Uma coordenadora de escola infantil envia um bilhete à mãe de dois alunos gêmeos de três anos de idade com os seguintes dizeres:

Olá! Mamãe Débora, peço-lhe se possível aparar ou trançar o cabelinho dos meninos, eles são lindos, mais (sic) eu ficaria mais feliz com o cabelo deles mais baixo ou preso. Beijos, Fran. portugues na rua (1)

A mãe, indignada com a atitude que considerou racista, põe o bilhete nas redes sociais, e o assunto vira notícia. Louvemos o imenso poder dessas redes de propalar informação com a rapidez de um relâmpago.

Quantas mães de alunos já terão recebido bilhetinhos desse tipo? A dona da escola, mãe da referida coordenadora, não vê nenhum problema na mensagem.

Tirante os lamentáveis erros gramaticais do bilhete redigido por uma professora, que aparentemente não consegue diferenciar “mais” de “mas” nem ponto final de vírgula, tentemos entender, nas linhas e nas entrelinhas, onde está o problema.

Termos como “mamãe”, “cabelinho”, “lindos” e “beijos, Fran” parecem ali postos para demonstrar carinho, uma espécie de embalagem da mensagem principal. A frase “eles são lindos” seguida do que deveria ser a conjunção adversativa “mas”, no entanto, desmonta a ideia e entra no assunto: corte ou trance os cabelos das crianças. Por que motivo?

O motivo é, segundo o texto, deixar a coordenadora da escola “mais feliz”. Por que a pessoa ficaria “mais feliz” se as crianças disciplinassem os cabelos crespos em tranças ou simplesmente os tivessem cortados? Seria porque os cabelos são um traço étnico que é preciso disfarçar?
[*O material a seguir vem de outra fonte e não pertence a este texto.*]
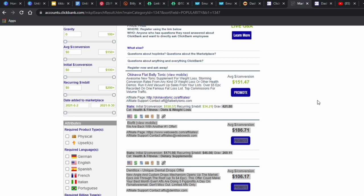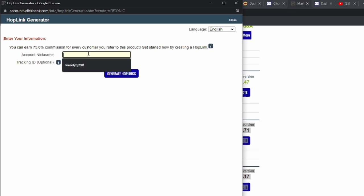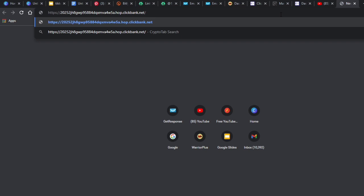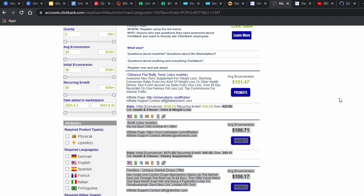Once you select a product, all you have to do is click 'Promote' on any product you want to promote, then generate your affiliate link. Once you generate it, it shows your unique affiliate link. Copy that link — when someone clicks it, it takes them to the product page, and when they buy you receive a commission you can withdraw to your bank account. That's how Clickbank works.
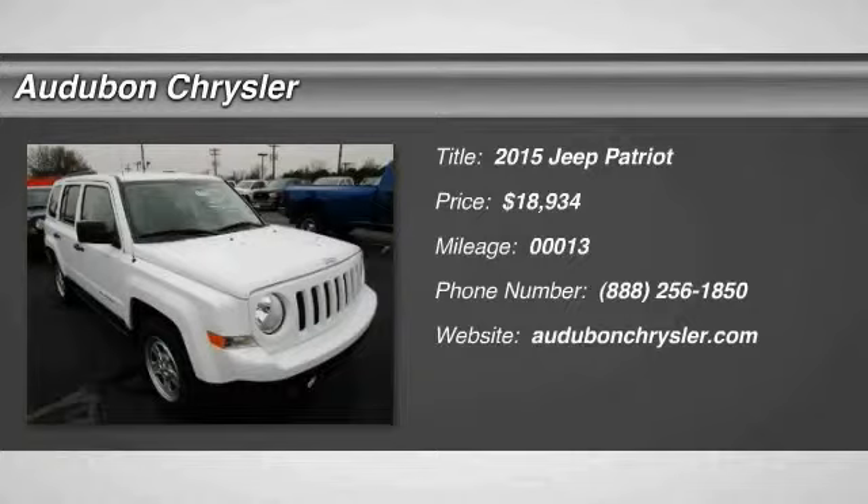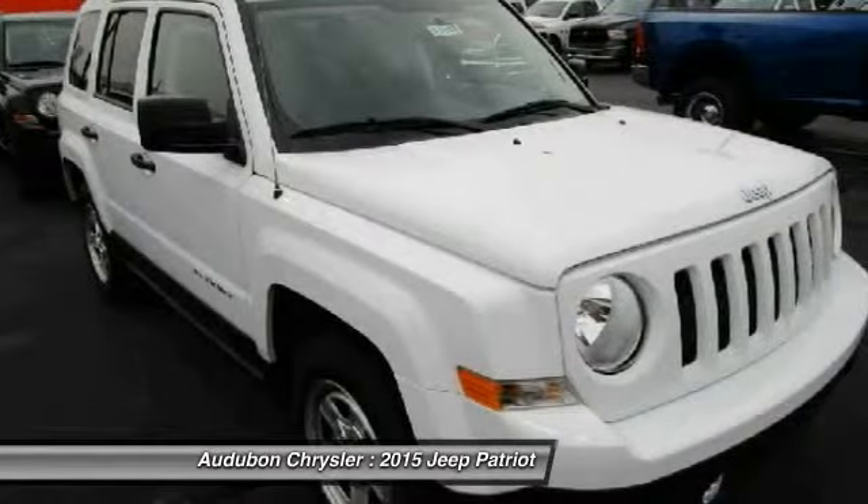Audubon Chrysler, proudly serving Henderson, Evansville, Mount Vernon, Owensboro, Newburgh, and surrounding Kentucky locations.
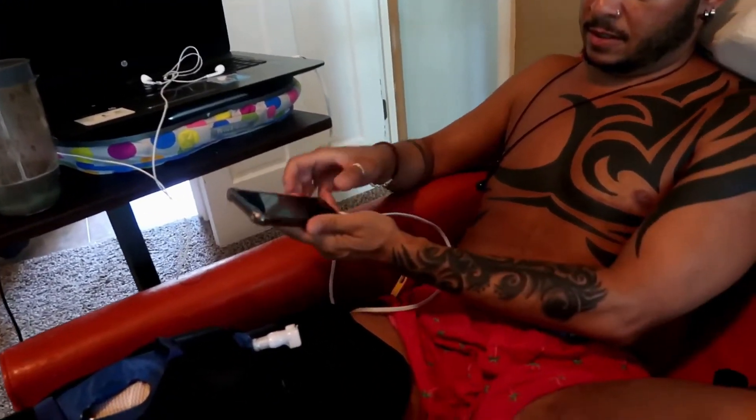I have my computer, my smoothie, my water, earphones, my medication, and my phone — so everything is at my beck and call. And I can even exercise — look at this.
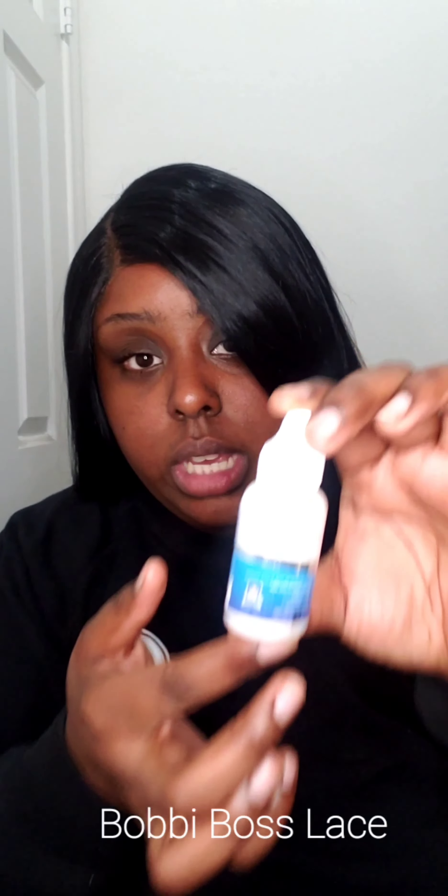The products I used: I got the Ghost Bond from my beauty supply to lay the lace down, and I used my Ghost Bond glue. For my part, I used my MAC compact in NW50 — I used that powder on my lace and on my cap to get my part looking defined. Other than that, I did my plucking method and that's it. I'm happy with it.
As supostas palavras de carinho do bilhete, ingênua tentativa de camuflar preconceitos, mais parecem insultos. Tudo indica que o assunto vá ser resolvido na Justiça.

Que o episódio sirva de lição para todos aqueles que se propõem trabalhar na área de educação. A tarefa do educador pressupõe uma visão de mundo liberta das amarras do preconceito.